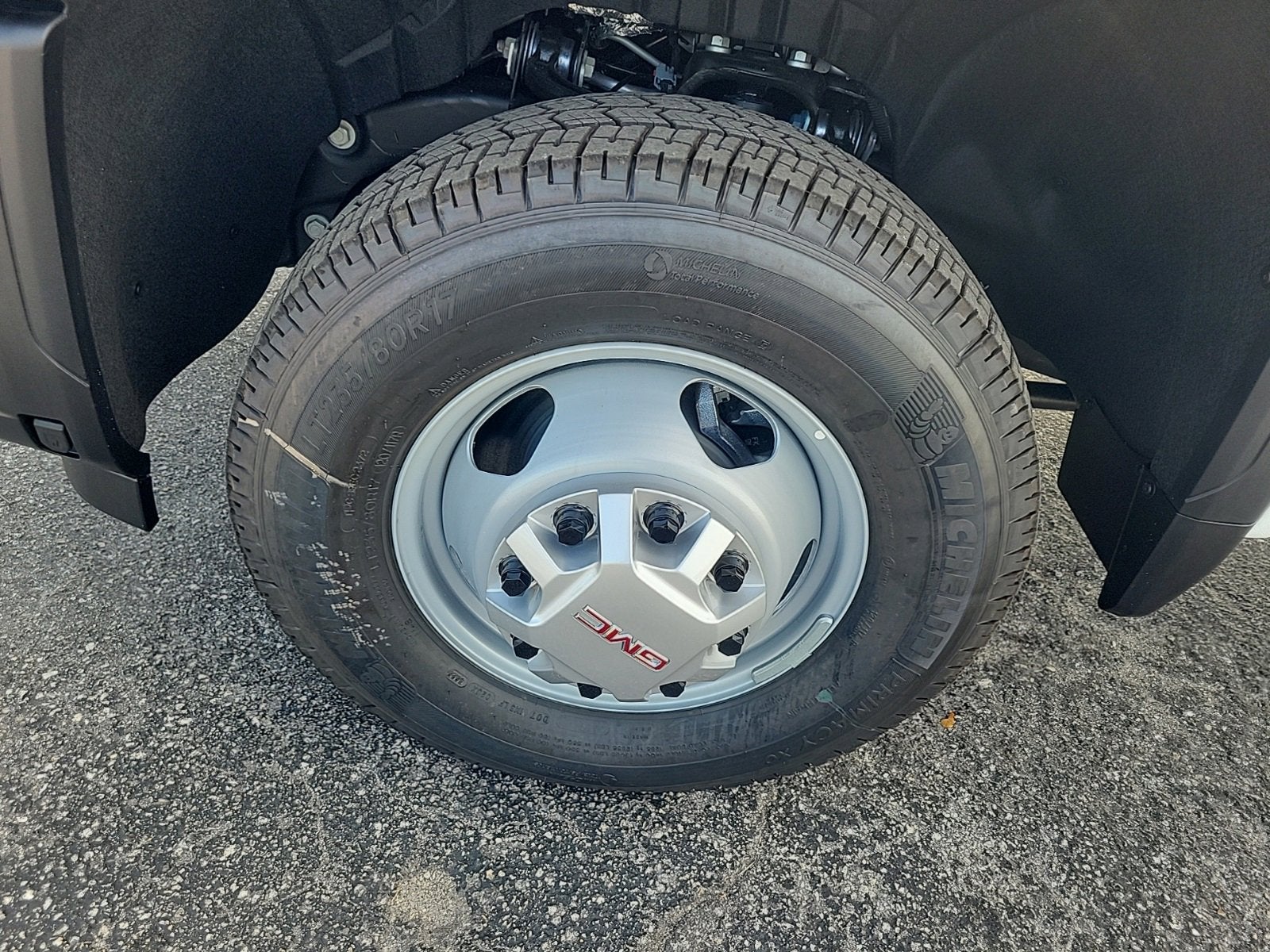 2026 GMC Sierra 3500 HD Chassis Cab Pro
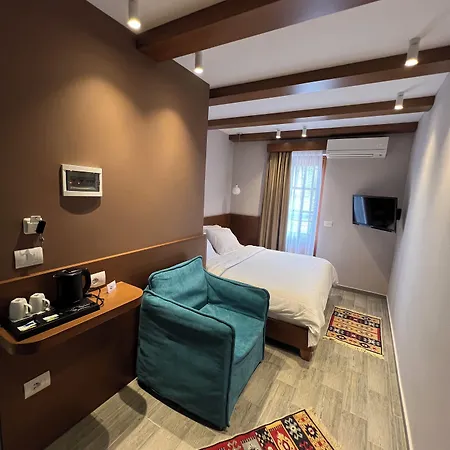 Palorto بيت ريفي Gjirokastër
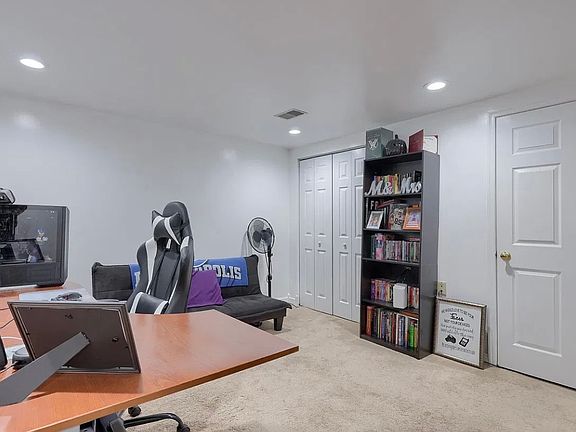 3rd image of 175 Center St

-----

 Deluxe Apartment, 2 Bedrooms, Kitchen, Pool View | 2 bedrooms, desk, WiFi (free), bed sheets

-----

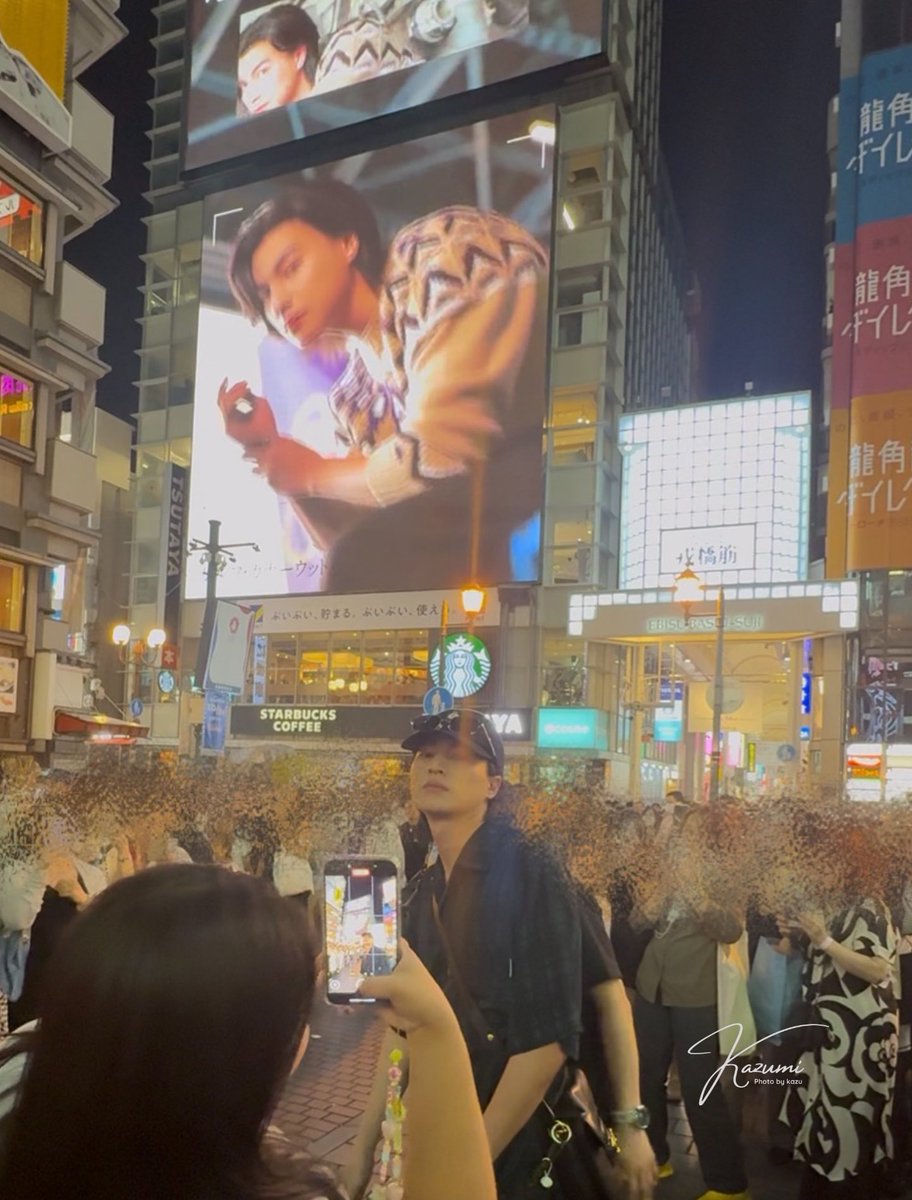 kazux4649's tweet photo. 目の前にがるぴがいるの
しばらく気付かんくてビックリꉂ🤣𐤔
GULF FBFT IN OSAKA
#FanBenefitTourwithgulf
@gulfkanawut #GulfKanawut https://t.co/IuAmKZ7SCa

-----

# Problem requirements
Given the entries above, transcribe exactly the lines from the one holding "Palorto بيت ريفي Gjirokastër" through the one holding "3rd image of 175 Center St"; pictures do not belong in the transcription.

# Solution below
 Palorto بيت ريفي Gjirokastër
 3rd image of 175 Center St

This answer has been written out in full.